R1 and R4: New experiments on open datasets, across modalities and segmentation tasks. We appreciate the suggestion for new experiments, but the Rebuttal Guide restricts us from providing new results. HAM10000 and CHAOYANG datasets used in our work are open and cover modalities of dermatoscopy and histopathology. The segmentation task could be formulated as pixel classification and solved by our method, while the unique challenges of different noise distributions and contextual correlation of pixels in segmentation are desired to explore. Overall, our method solves an overlooked challenge in classification and is robust across image modalities. Reviewer-suggested experiments will benefit our future work.
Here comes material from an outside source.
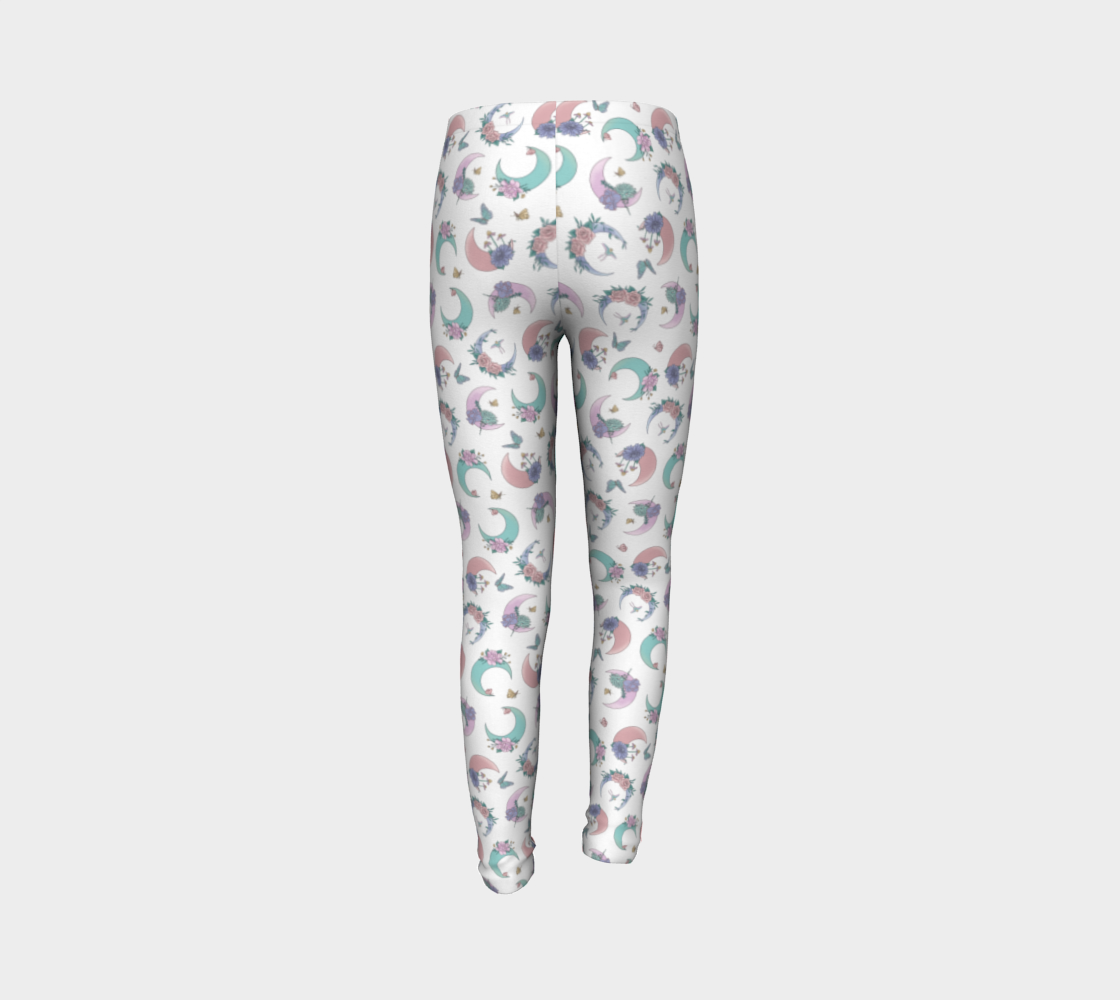 Fly me to the moon white tossed youth leggings thumbnail #8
Post-rebuttal Meta-Reviews
Meta-review # 1 (Primary)
- Please provide your assessment of the paper taking all information into account, including rebuttal. Highlight the key strengths and weaknesses of the paper, clarify how you reconciled contrasting review comments and scores, indicate if concerns were successfully addressed in the rebuttal, and provide a clear justification of your decision. If you disagree with some of the (meta)reviewer statements, you can indicate so in your meta-review. Please make sure that the authors, program chairs, and the public can understand the reason for your decision.
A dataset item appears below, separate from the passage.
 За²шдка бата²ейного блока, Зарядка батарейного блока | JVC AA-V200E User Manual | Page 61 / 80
The consensus among reviewers is acceptance with only dissent because of “lack of clarity in method description”. I recommend acceptance but I strongly urge the authors to improve the readability of method description.
Meta-review #2
- Please provide your assessment of the paper taking all information into account, including rebuttal. Highlight the key strengths and weaknesses of the paper, clarify how you reconciled contrasting review comments and scores, indicate if concerns were successfully addressed in the rebuttal, and provide a clear justification of your decision. If you disagree with some of the (meta)reviewer statements, you can indicate so in your meta-review. Please make sure that the authors, program chairs, and the public can understand the reason for your decision.
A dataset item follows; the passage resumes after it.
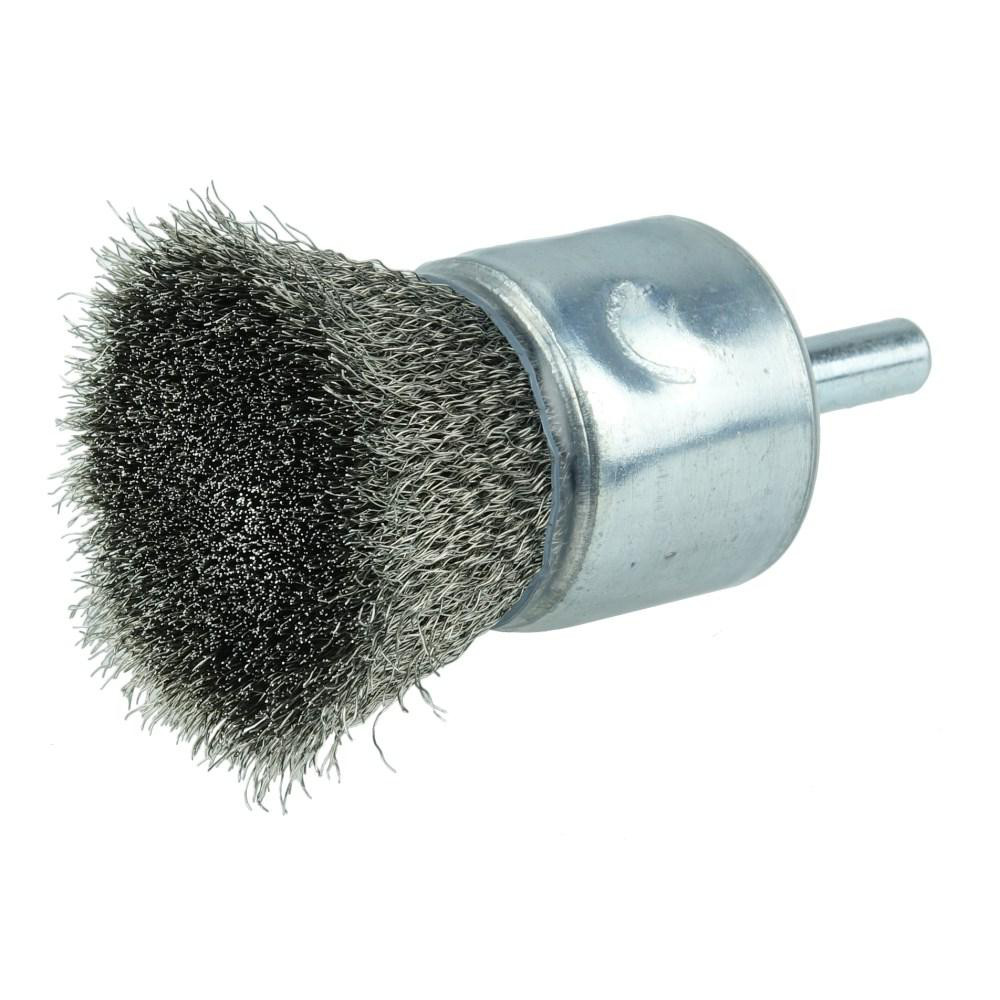 Weiler - End Brushes: 1" Dia, Stainless Steel, Crimped Wi…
This paper targets a fundamental research question: imbalanced data and noisy label. Two reviewers gave quite positive assessment while the third reviewer has some concerns but they seem to be minor/addressable. Overall, this paper may be accepted.
Meta-review #3
- Please provide your assessment of the paper taking all information into account, including rebuttal. Highlight the key strengths and weaknesses of the paper, clarify how you reconciled contrasting review comments and scores, indicate if concerns were successfully addressed in the rebuttal, and provide a clear justification of your decision. If you disagree with some of the (meta)reviewer statements, you can indicate so in your meta-review. Please make sure that the authors, program chairs, and the public can understand the reason for your decision.
The rebuttal does not fully address the concerns raised by reviewers. R#1 maintains the negative rate after reading the rebuttal.